%%
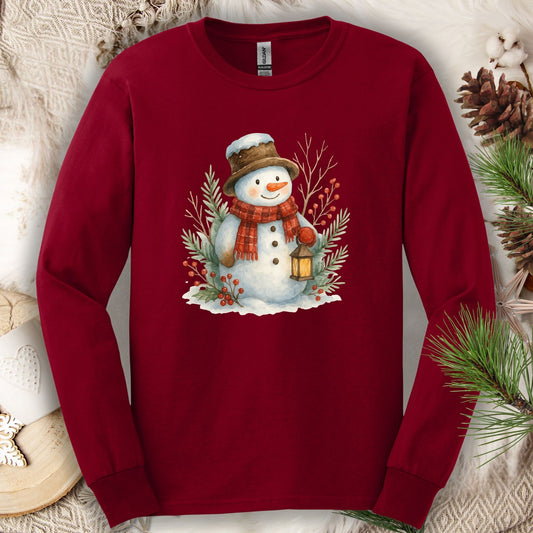 Cardinal Red long sleeve tee with a watercolor snowman holding a lantern, surrounded by snowy branches.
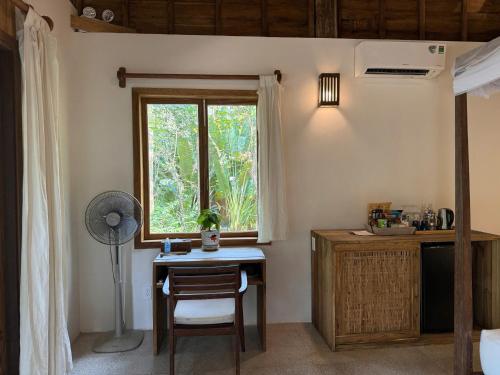 Kuchyň nebo kuchyňský kout v ubytování Mango Bay Resort
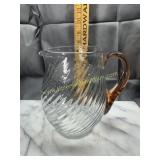 Swirl pattern pitcher with applied pink handle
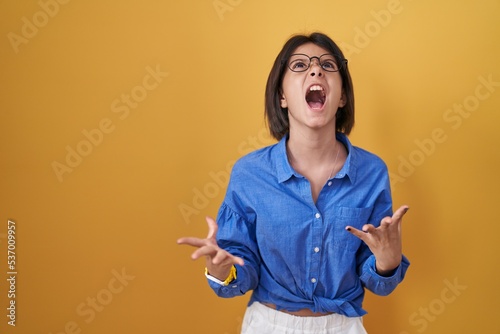 Young girl standing over yellow background crazy and mad shouting and yelling with aggressive expression and arms raised. frustration concept.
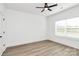 A bedroom featuring wood-look flooring, neutral walls, a ceiling fan, and one window providing natural light at 6122 Lowder Rd, Salisbury, NC 28147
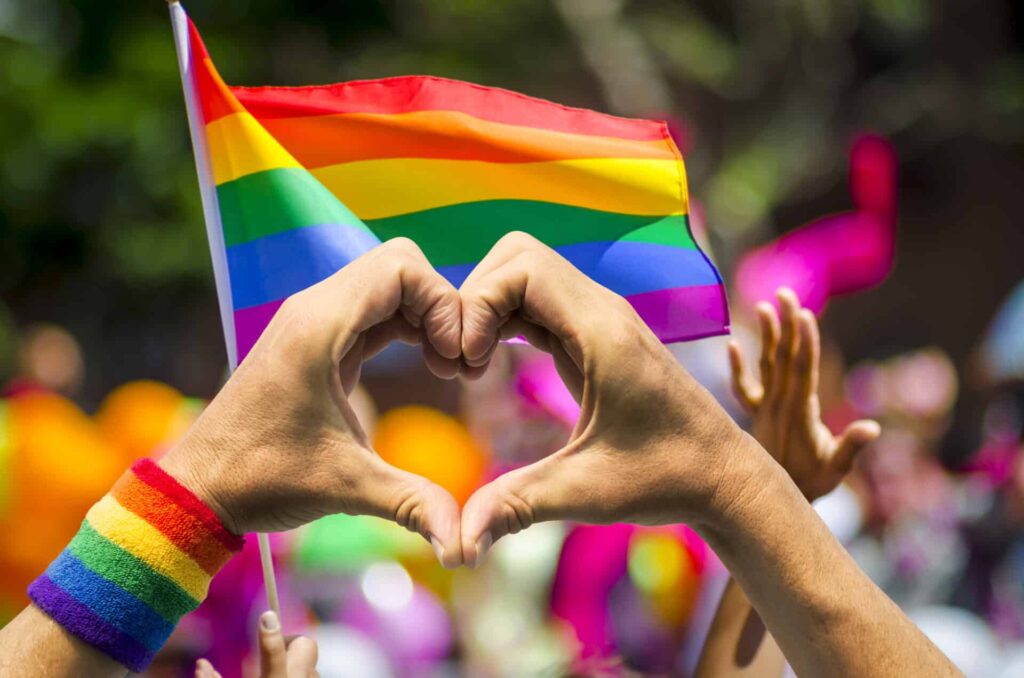 a pride flag with hands holding a heart up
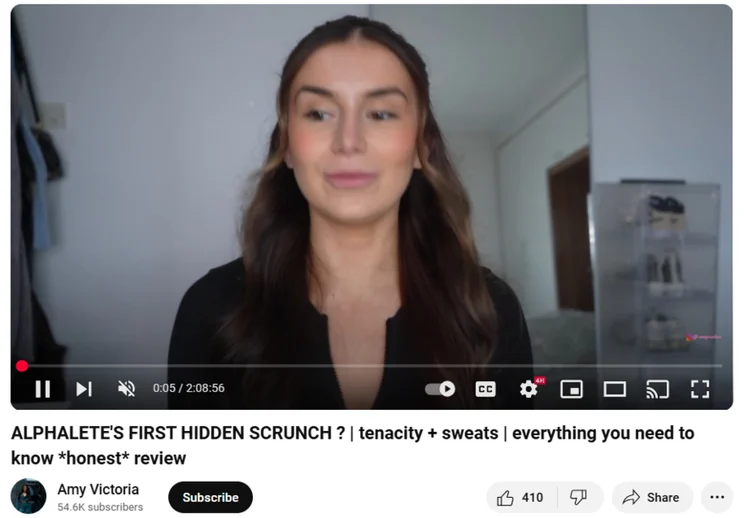 woman with brown hair filming youtube review of gymwear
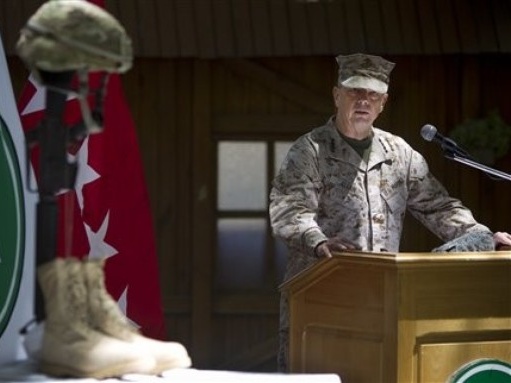 General John Allen the top U.S. commander in Afghanistan observes Memorial Day by reading a letter written by an American soldier to his family before he died earlier this year at the ISAF headquarters in Kabul Afghanistan Monday May 28 2012 (Credit: AP/Anja Niedringhaus)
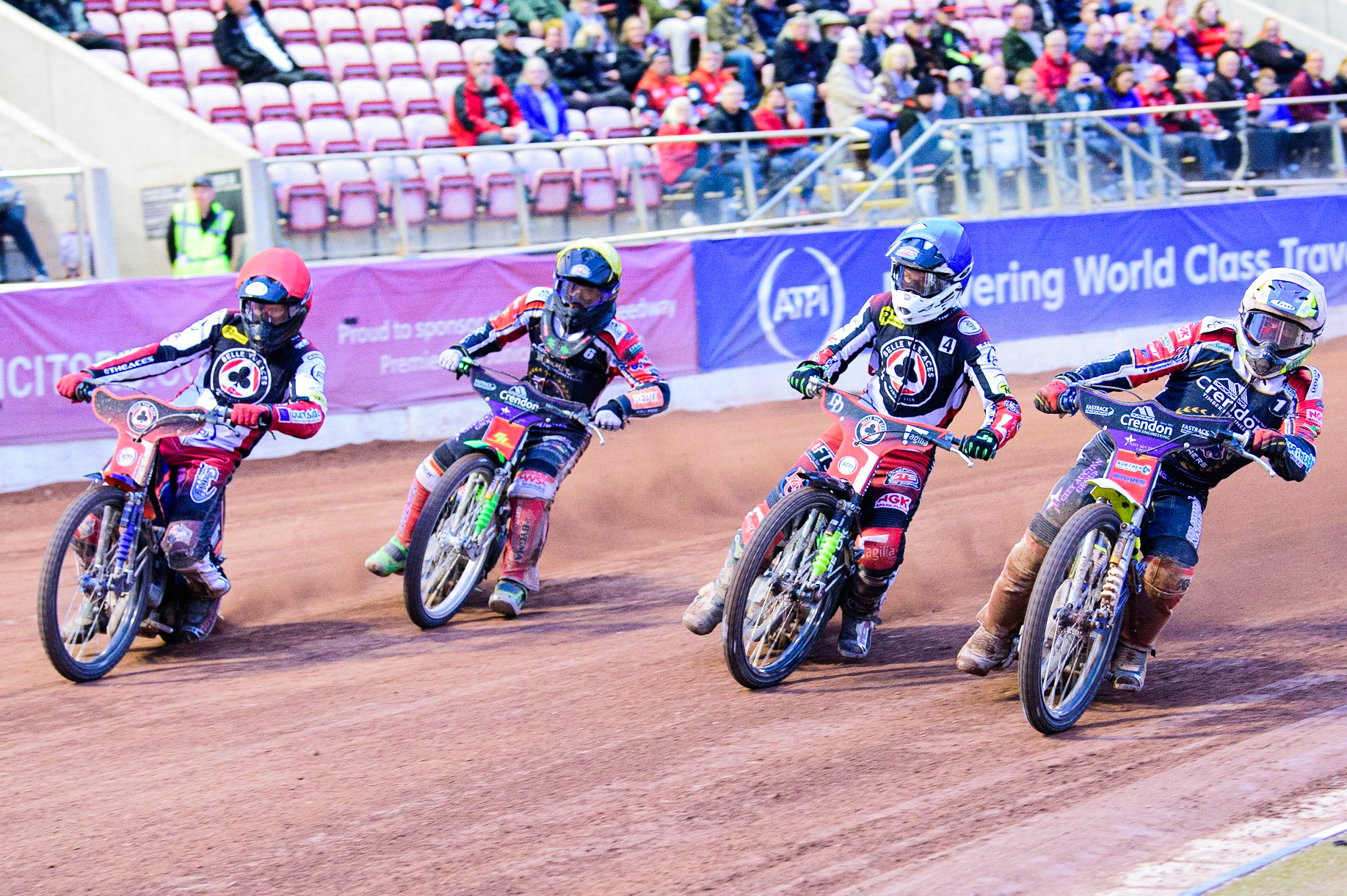 Chris Harris  (White) inside Charles Wright (Blue) Benjamin Basso (Yellow) and Brady Kurtz (Red) during the SGB Premiership match between Belle Vue Aces and Peterborough at the National Speedway Stadium, Manchester on Monday 25th July 2022. (Credit: Ian Charles | MI News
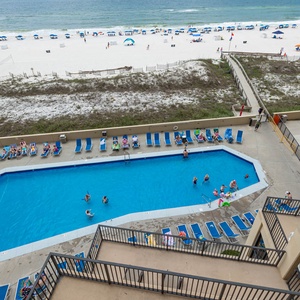 The pool area features a large blue pool with lounge chairs, while the beach is visible beyond the white sand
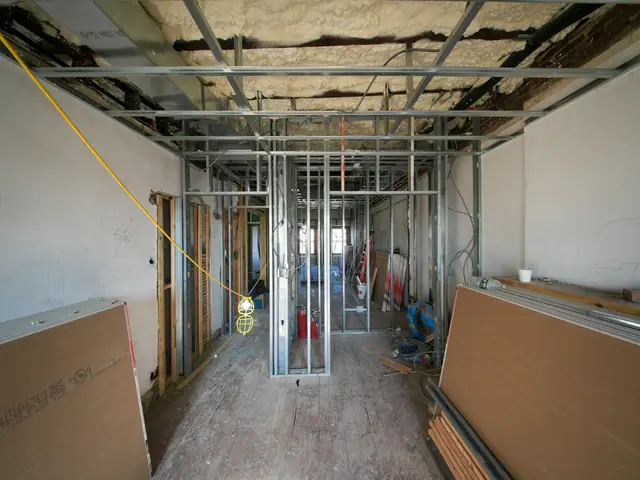 An interior stripped to metal studs during restoration work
%%
# Assignment:
Reproduce exactly the lines above starting at the line containing "Kuchyň nebo kuchyňský" and ending at the line containing "General John Allen", including both, but not the pictures.

# Response:
 Kuchyň nebo kuchyňský kout v ubytování Mango Bay Resort
 Swirl pattern pitcher with applied pink handle
 Young girl standing over yellow background crazy and mad shouting and yelling with aggressive expression and arms raised. frustration concept.
 A bedroom featuring wood-look flooring, neutral walls, a ceiling fan, and one window providing natural light at 6122 Lowder Rd, Salisbury, NC 28147
 a pride flag with hands holding a heart up
 woman with brown hair filming youtube review of gymwear
 General John Allen the top U.S. commander in Afghanistan observes Memorial Day by reading a letter written by an American soldier to his family before he died earlier this year at the ISAF headquarters in Kabul Afghanistan Monday May 28 2012 (Credit: AP/Anja Niedringhaus)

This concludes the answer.